____ Given records

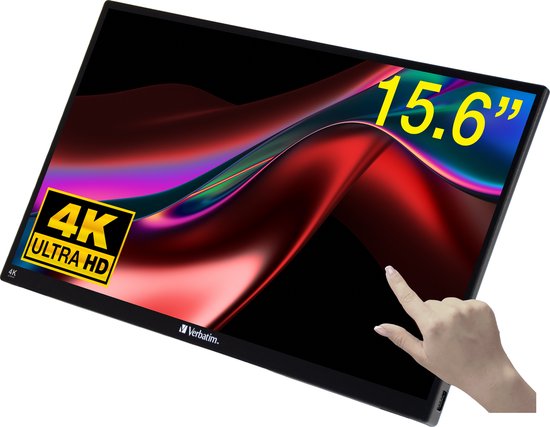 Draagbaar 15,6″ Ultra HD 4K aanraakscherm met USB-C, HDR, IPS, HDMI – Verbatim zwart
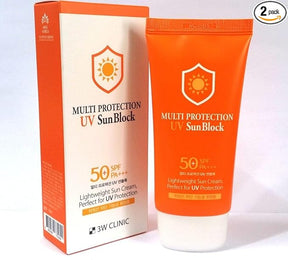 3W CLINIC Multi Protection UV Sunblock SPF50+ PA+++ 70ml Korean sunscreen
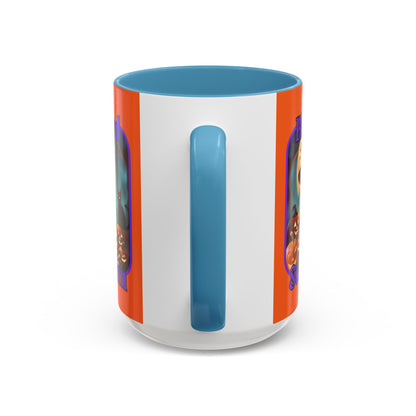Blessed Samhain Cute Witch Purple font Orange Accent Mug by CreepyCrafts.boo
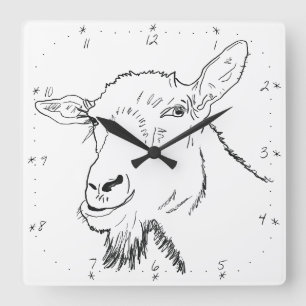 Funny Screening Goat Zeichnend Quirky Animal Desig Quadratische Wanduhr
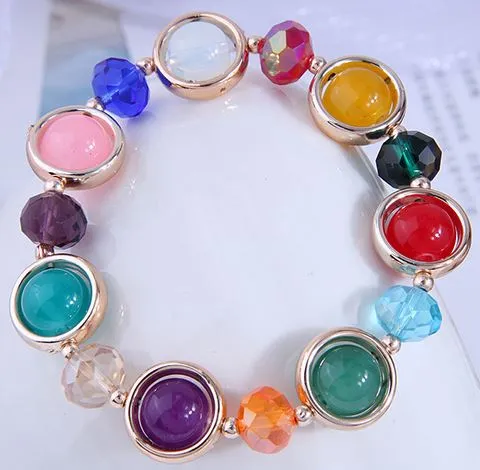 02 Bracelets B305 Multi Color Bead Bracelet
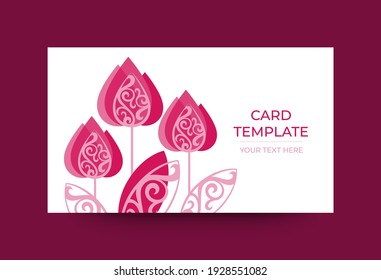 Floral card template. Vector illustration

________
____ Given records

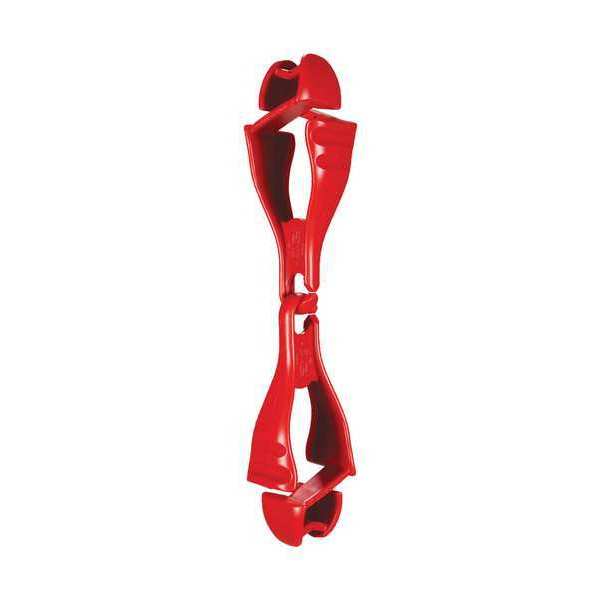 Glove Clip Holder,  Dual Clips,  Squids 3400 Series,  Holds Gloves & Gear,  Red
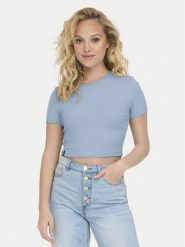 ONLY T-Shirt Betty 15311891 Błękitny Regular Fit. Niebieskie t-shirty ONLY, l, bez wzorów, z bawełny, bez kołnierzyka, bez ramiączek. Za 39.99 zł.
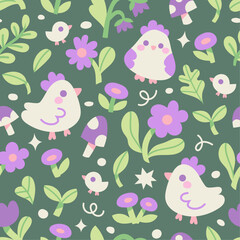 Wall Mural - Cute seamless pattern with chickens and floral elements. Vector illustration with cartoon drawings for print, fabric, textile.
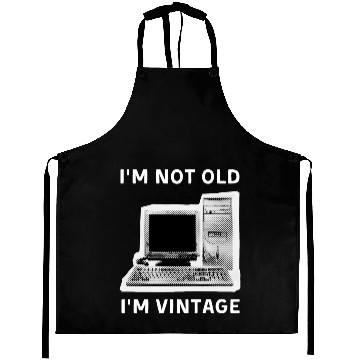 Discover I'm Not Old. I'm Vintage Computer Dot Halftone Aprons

________
____ Given records

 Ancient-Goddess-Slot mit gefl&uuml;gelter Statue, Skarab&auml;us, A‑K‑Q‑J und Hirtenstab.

________

• **Problem description**: Leaving out each picture, repeat exactly the lines above from the one that contains "Blessed Samhain Cute" through the one that contains "Floral card template. Vector illustration".

• **Response area**:
Blessed Samhain Cute Witch Purple font Orange Accent Mug by CreepyCrafts.boo
 Funny Screening Goat Zeichnend Quirky Animal Desig Quadratische Wanduhr
 02 Bracelets B305 Multi Color Bead Bracelet
 Floral card template. Vector illustration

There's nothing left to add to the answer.